Désorientale

Si nous étions en Iran, cette salle d’attente d’hôpital ressemblerait à un caravansérail, songe Kimiâ. Un joyeux foutoir où s’enchaîneraient bavardages, confidences et anecdotes en cascade. Née à Téhéran, exilée à Paris depuis ses dix ans, Kimiâ a toujours essayé de tenir à distance son pays, sa culture, sa famille. Mais les djinns échappés du passé la rattrapent pour faire défiler l’étourdissant diaporama de l’histoire des Sadr sur trois générations: les tribulations des ancêtres, une décennie de révolution politique, les chemins de traverse de l’adolescence, l’ivresse du rock, le sourire voyou d’une bassiste blonde…
Une fresque flamboyante sur la mémoire et l’identité; un grand roman sur l’Iran d’hier et la France d’aujourd’hui.

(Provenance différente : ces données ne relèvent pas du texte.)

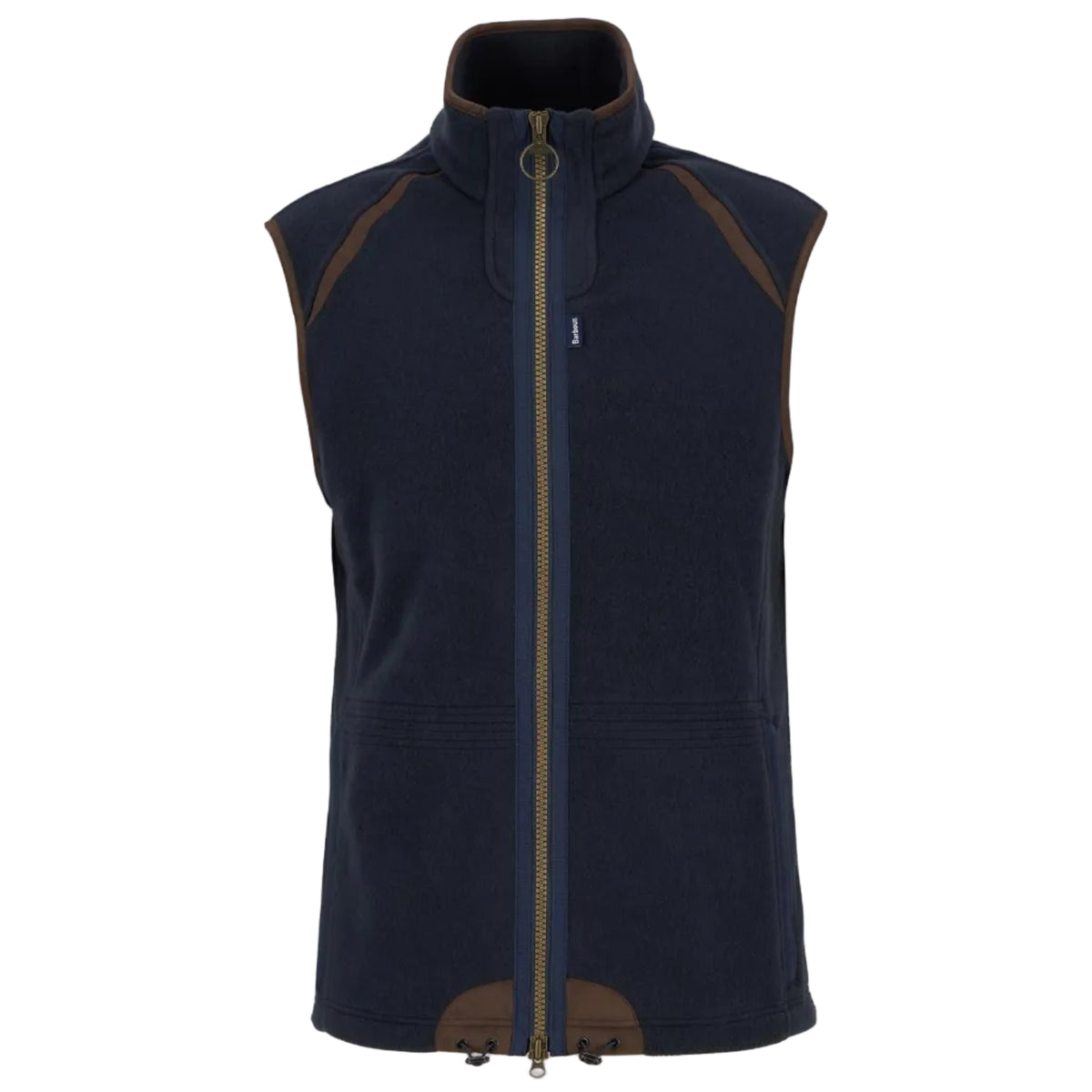 Langdale Fleece Gilet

C'est l'histoire d'une jeune femme qui patiente en vue d'une procréation médicalement assistée. Son esprit divague vers son histoire familiale et autant dire qu'il y a de quoi patienter.

Kimia est iranienne, elle a du fuir son pays avec sa famille. Son père s'est opposé au Shah (première erreur) et à Khomeiny (deuxième erreur). La perte de repère, le changement de culture les a tous affectés.

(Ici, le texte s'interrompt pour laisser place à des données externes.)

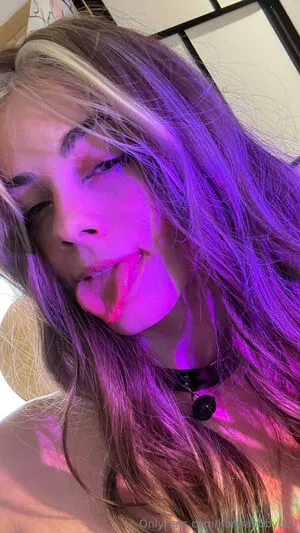Hannahbbydoll OnlyFans Leaked Free Thumbnail Picture - #5mYlvv21LL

La narratrice nous raconte alors son pays qui est si méconnu en France et en Occident de manière générale. A travers sa famille, elle nous raconte les us et coutumes de ce pays autrefois appelée la Perse.

Le lecteur est embarqué dans un voyage dans le temps avec trois générations de la famille Sadr avec des moments droles mais aussi très émouvants. La narratrice nous démontre que pour pouvoir se construire il faut savoir déconstruire sans pour autant attaquer les fondations. On ne peut pas remettre en cause sa nature profonde et ce quel que soit le pays où on se trouve.

L'auteur signe un très beau premier roman teinté d'autobiographie servie par une plume franche et directe.